Manchester United fans are still furious with the Glazer family over their ownershipInsurance Loans Mortgage Attorney Credit Lawyer
Liverpool supporters have also vented their anger at Fenway Sports Group in recent weeks
The idea of a co-ordinated protest was dropped when the ESL plans were ditched but some Liverpool fans may still make the 30-mile trip east up the M62 on Sunday.
This spirit of co-operation between the two is nothing new. United fans have never forgotten 2005. Their club had just been bought by the Glazers when they faced Arsenal in the FA Cup final and their opponents' fans mocked them mercilessly.
'Sold To The USA,' was the Arsenal reworking of Bruce Springsteen's hit that day. It did not go unnoticed among those of a United disposition that Liverpool fans in no way contributed to the ridicule.
United were the first of the rivals to go under American ownership through the Glazers in 2005
It was soon after that Tom Hicks and George Gillett bought Liverpool, in another highly leveraged American buy-out which ultimately put the club in grave jeopardy.
'There was no point laughing at them because we knew it could happen to us. What United went through, we went through, only on a different scale,' says Jay McKenna, former leader of the highly-respected Spirit of Shankly (SoS) supporters' union which drove the campaign to oust Hicks and Gillett. 'Arsenal fans now know that, too.'
The outcome of the Hicks and Gillett effort contrasted with United's Green and Gold 2010 campaign, which fizzled out as the team remained serial winners under Sir Alex Ferguson. But it could have been a different story if Liverpool's 2005 Champions League triumph had led to further glories.Insurance Loans Mortgage Attorney Credit Lawyer
Not long after Liverpool came under control of U.S businessmen George Gillett and Tom Hicks
It also helped that manager Rafael Benitez publicly challenged the Americans in a way Sir Alex Ferguson never did the Glazers at Old Trafford. There was respect from the United fans for what Liverpool supporters accomplished back then.

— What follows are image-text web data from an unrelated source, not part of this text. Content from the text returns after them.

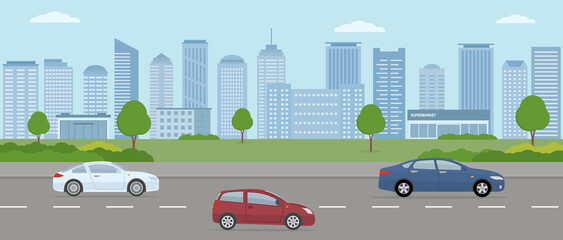 Modern city. City life illustration with house facades, road and other urban details.  Panoramic view. Flat style, vector illustration. © alazur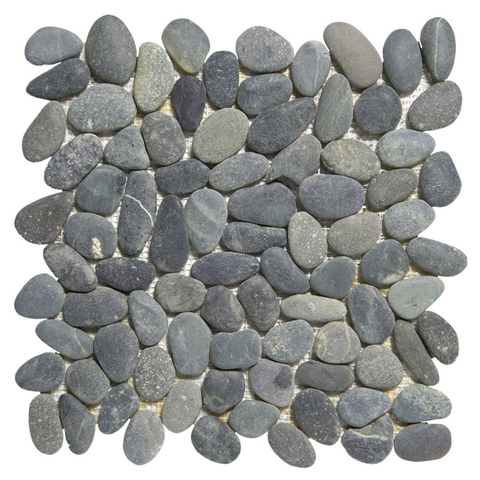 The Mosaic Factory Natural Stone carrelage mosaïque 30x30cm pour mur et sol intérieur et extérieur pierre de rivière gris foncé SW66205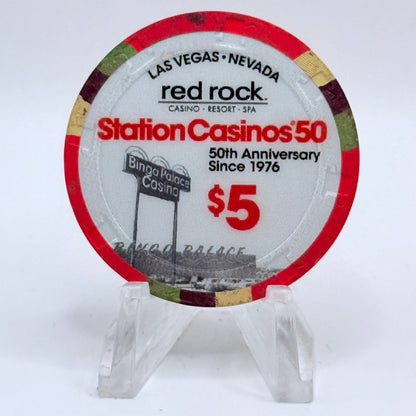 Red Rock Las Vegas Nevada 2026 '50th Anniversary' LE $5 Casino Chip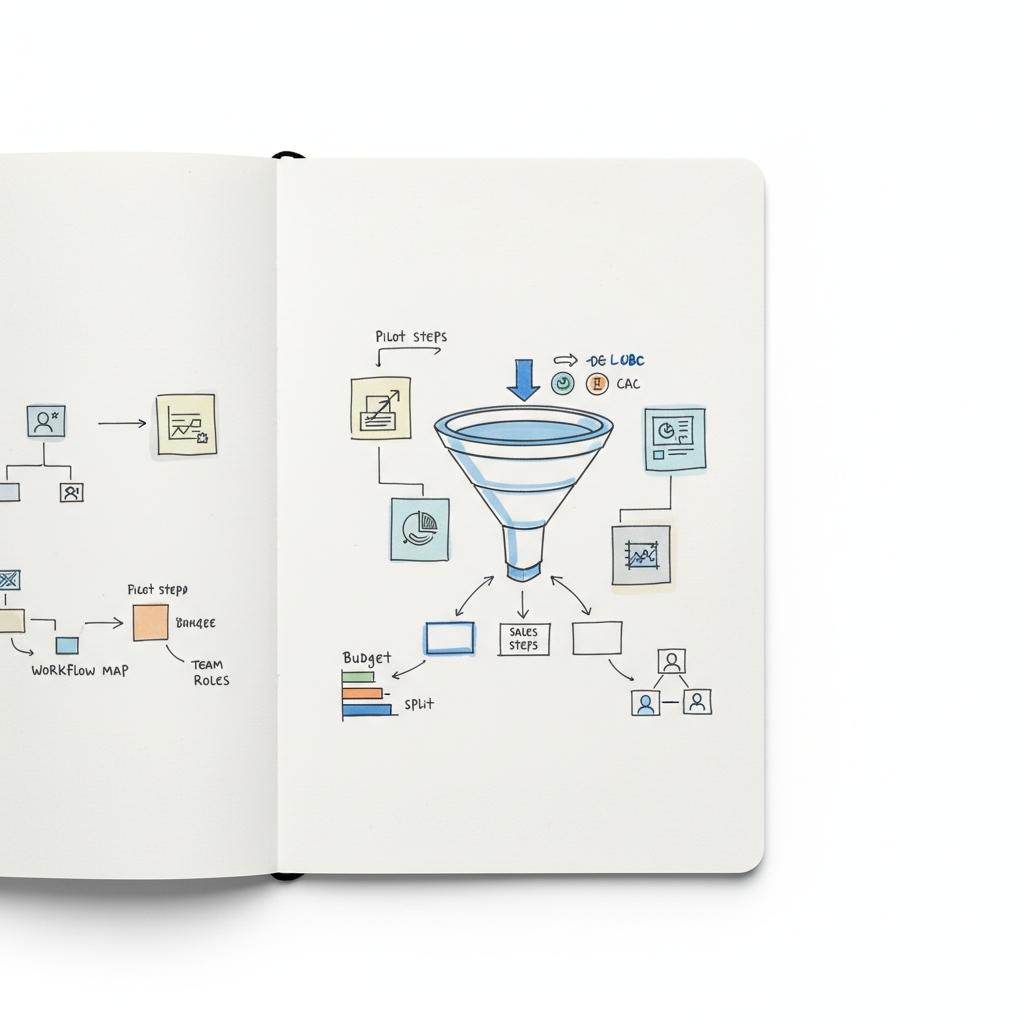 Flat-lay strategic notebook with funnel sketch, sales-step diagrams and sticky-note pilot sketches illustrating lead generation process and pricing &mdash; lead generation agency pricing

The improbable fraternity between the two reaches back further — to the three and a half years after the Second World War when City's Maine Road was also United's home ground — Old Trafford having been bombed. For their part, City had made donations in 1902 when Newton Heath — precursor to United — were in trouble. The two clubs' directors were always close.
A month after the Munich disaster in 1958, Liverpool, then a Second Division side, offered United the services of two of their players to tide them over. In August 1971, when United fans' hooliganism caused them a two-game ban from Old Trafford and left them in need of a temporary home, Liverpool stepped up. United's only 'home' game at Anfield ended with a 3-1 win over Arsenal. The other game was played at Stoke's Victoria Ground.